- Directed by: Dan Berk Robert Olsen
- Written by: Nick Damici;
- Produced by: Larry Fessenden; Greg Newman; Peter Phok;
- Starring: Nick Damici; Connor Paolo; Laura Abramsen; A.C. Peterson; Steven Williams;
- Cinematography: Matt Mitchell
- Edited by: Dan Berk Robert Olsen
- Music by: Redding Hunter
- Release date: October 14, 2016 (Sitges);
- Running time: 81 minutes
- Country: United States
- Language: English

= Stake Land II =

2016 film directed by Dan Berk & Robert Olsen

Stake Land II (also known as Stake Land II: The Stakelander or The Stakelander) is a 2016 American vampire horror film directed by Dan Berk and Robert Olsen and starring Nick Damici, who wrote the script. It is a sequel to Stake Land (2010).

==Plot==
Martin, who had settled down with the woman he met at the climax of the first film, attempts to track down Mister after his wife and daughter are killed in an attack led by a scarred sentient female vampire. Martin eventually finds him after being forced by cannibals into fighting him. Mister recognizes Martin and together they escape from the cannibals while rescuing a feral girl. Mister, Martin and the feral girl find an abandoned house to stay the night but are later attacked by the cult from the first film. It is later revealed that they serve the scarred vampire and that they have been looking for Mister. The scarred vampire had killed Martin's family with the intent of using a vengeful Martin to find Mister. Martin, Mister, and the feral girl manage to escape and capture one of the younger cultists who tells them that he was forced into going along with the cult.

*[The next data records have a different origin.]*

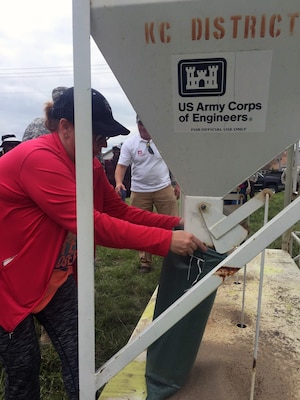 An unidentified volunteer fills sandbags using a gravity fed machine during levee safety training conducted in North Kansas City, Mo., May 24, 2017.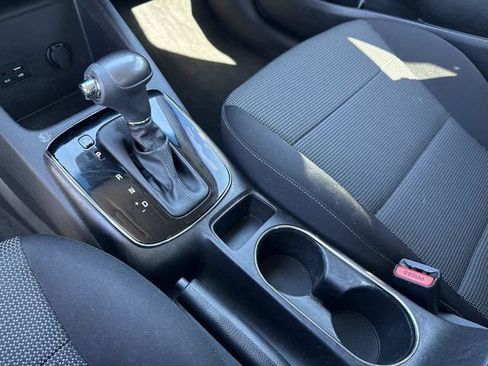 Used 2018 Kia Forte LX w/ LX Rear Camera Package image 28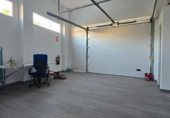 90m² bureaux pour vente à Badajoz, dans le quartier de San Roque, Calle Jaracanda photo
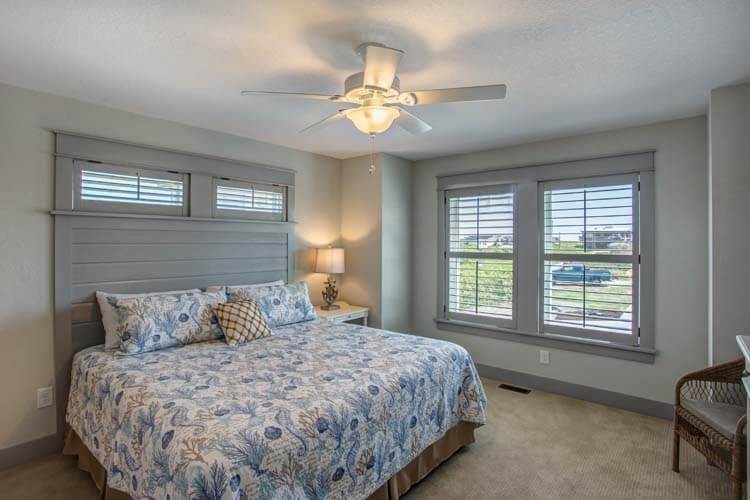 1st Floor King with Private Bath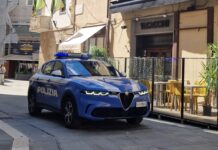 Sottoposto all’obbligo di firma continua a spacciare in centro storico: arrestato 23enne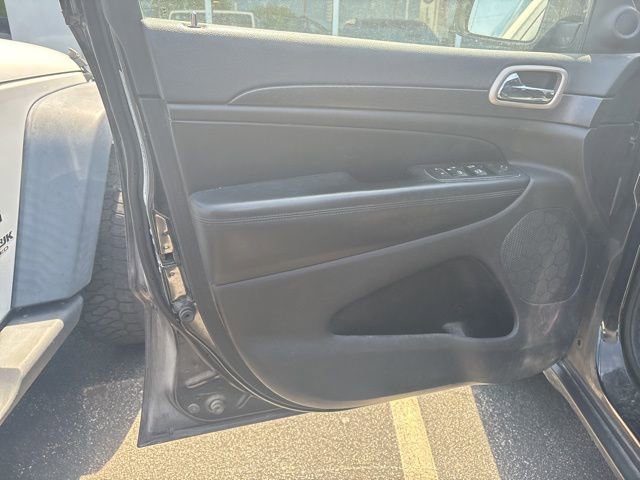 Used 2015 Jeep Grand Cherokee Laredo w/ Quick Order Package 23E image 13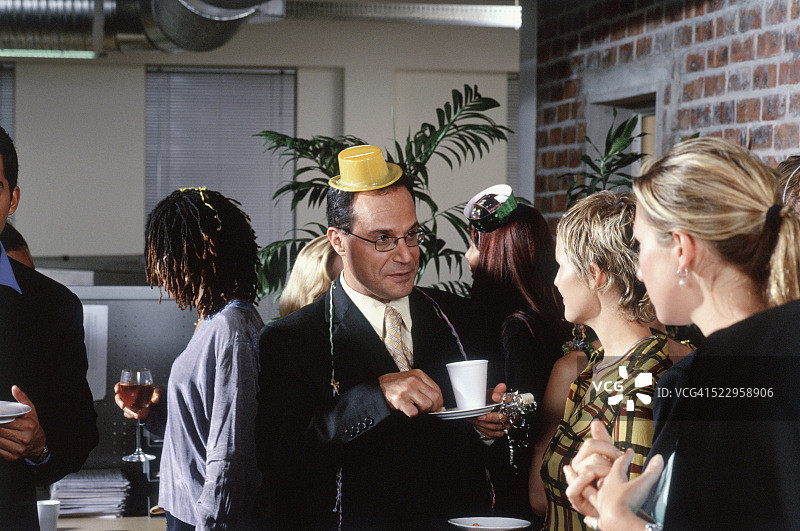 在办公室派对上交谈的男人和女人图片素材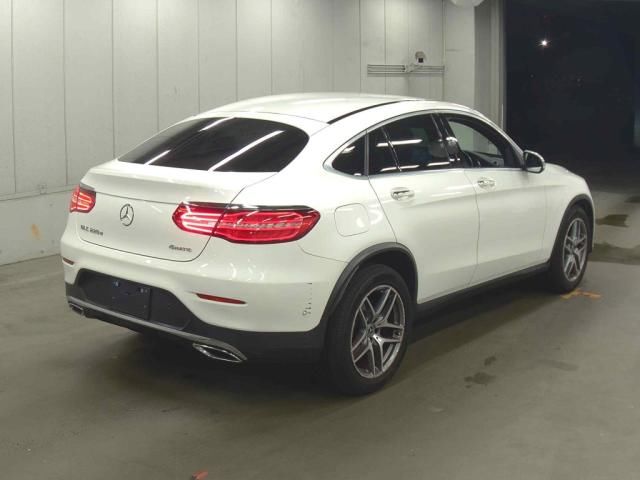 2018 Mercedes-Benz GLC 220d 4MクーペSP auction photo 3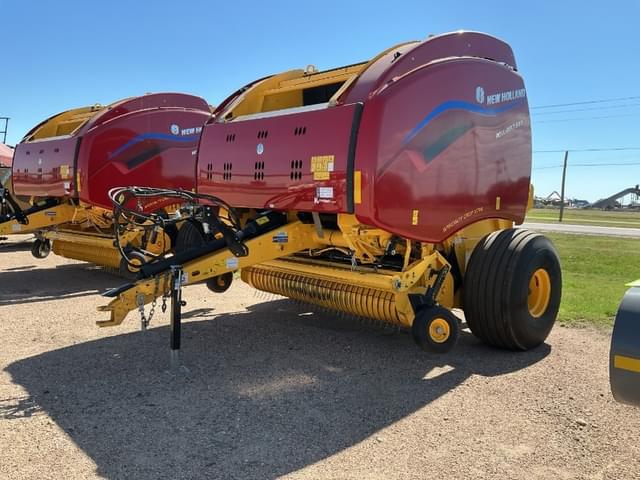 Image of New Holland RB560 equipment image 2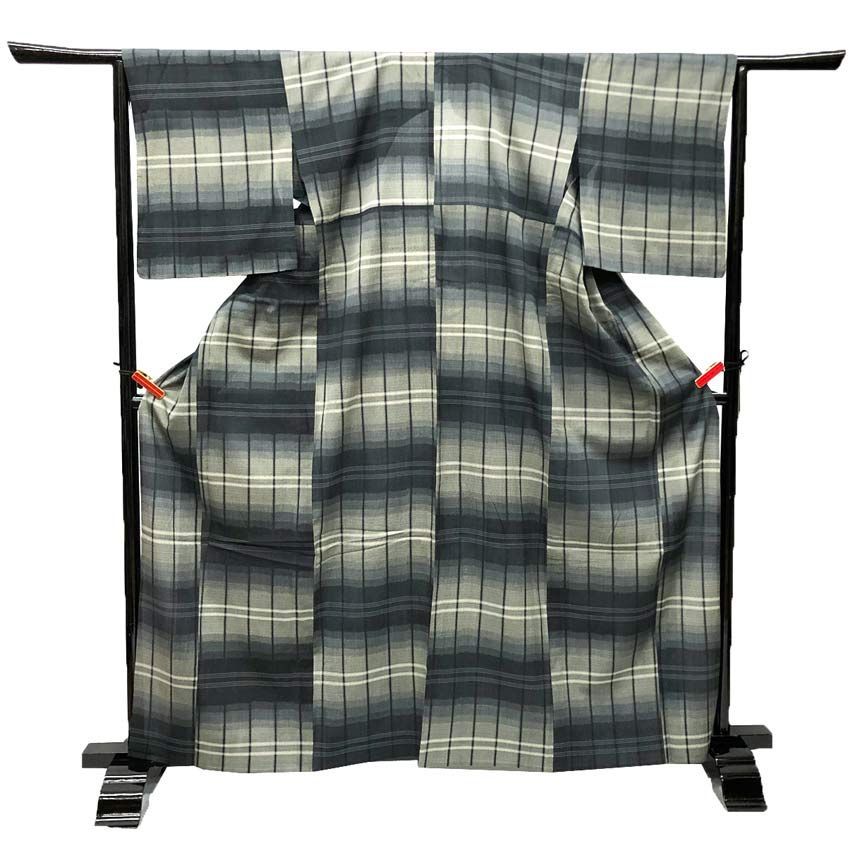 京やI580 夏の着物 正絹 夏紬 紗 紗紬 格子文様 グレー モノトーン パールトーン加工済み 6月7月8月9月 単衣の時期から盛夏までOK 仕立て上がり 美品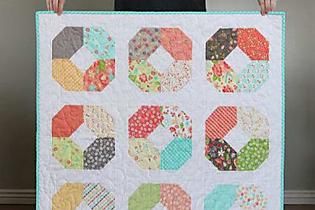 Charming Lucy Quilt Pattern Charm Pack Quilt Patterns, Charm Square Quilt, Charity Quilts, Charm Pack Quilt, Charm Pack Quilts, Quilt Modernen, Charm Quilt, Handmade Baby Quilts, Baby Quilt Patterns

Mister's group bumps into another group, one of whom Mister recognizes as an old friend, they are then taken to their base where another of Mister's old friends helps him heal and recuperate. The cultist is locked in a small room, but later escapes after tricking a woman into thinking he had hanged himself and murders her. The cultist then alerts the rest of the cult and the vampires of the base's whereabouts. The base is attacked and Mister instantly recognizes the scarred vampire as a vampire he had attempted to kill in the past, only succeeding in scarring her. A flashback shows that the scarred vampire had given birth to a child who Mister killed. The base's defense holds, thanks in part to some flood lights powered by a generator, and the scarred vampire signals for her troops to retreat.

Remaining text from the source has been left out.